Choosing the Right Daypack
With so many brands and styles, choosing the right daypack can get a little confusing. Taking a few minutes to identify exactly what you need the daypack for will help make the selection process much easier, then it just comes down to picking your favourite colour.......that's a whole other problem altogether!
Let's start with a few basics about Daypacks:
These typically range between 15-35 litres depending on what you want to use the pack for, and are great for all kinds of activities like day walks, hikes, cycling or skiing. Being a smaller pack means the load is mainly carried on the shoulders, however some brands incorporate simple waist straps for stability, and many have different degrees of back support and padding with air ventilation for hotter climates.
Across different brands and styles there are many different materials used:
Textured nylons such as Cordura are used because they are very strong and abrasion resistant.
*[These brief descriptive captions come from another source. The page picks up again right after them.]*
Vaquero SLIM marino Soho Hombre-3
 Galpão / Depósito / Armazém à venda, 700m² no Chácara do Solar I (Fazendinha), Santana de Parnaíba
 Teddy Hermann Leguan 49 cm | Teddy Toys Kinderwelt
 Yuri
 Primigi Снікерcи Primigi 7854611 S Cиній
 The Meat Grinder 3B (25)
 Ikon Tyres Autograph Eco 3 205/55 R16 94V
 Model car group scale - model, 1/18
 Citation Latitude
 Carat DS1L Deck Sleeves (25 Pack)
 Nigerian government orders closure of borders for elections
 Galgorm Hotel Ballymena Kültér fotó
Polyester is a strong material and features mostly on entry-level daypacks.
Canvas, although a heavy material, is very water resistant and is often found in older bags.
Not many packs are considered waterproof, as anywhere there is a zip, creates a potential water entry point.
So in wet conditions it is recommended to use a pack cover or a pack liner inside the pack, or choose
a dry pack for added protection.
Now, let's choose your Daypack:
A daypack is only a small bag, so you do not want to have more than about 12kgs load in it. Because they normally do not have enough padding, or the benefit of a hip belt support, if you are carrying a lot of weight in a daypack, that weight will be directly loaded on the shoulders (this could become uncomfortable over time). It’s recommended to choose a daypack when you want to pack light for the day. Many have hip belts and sternum straps that are included as a stabilizing method to stop the pack from moving around too much on the body.
Main Daypack uses are:
Bushwalking: look for a narrow-profile pack so it is not too bulky on the trail. The duration of your walk will directly impact the size of the bag you should take. If you need to take extra clothing for different environments and weather, consider a suitable sized pack with a decent hip belt and a sternum strap.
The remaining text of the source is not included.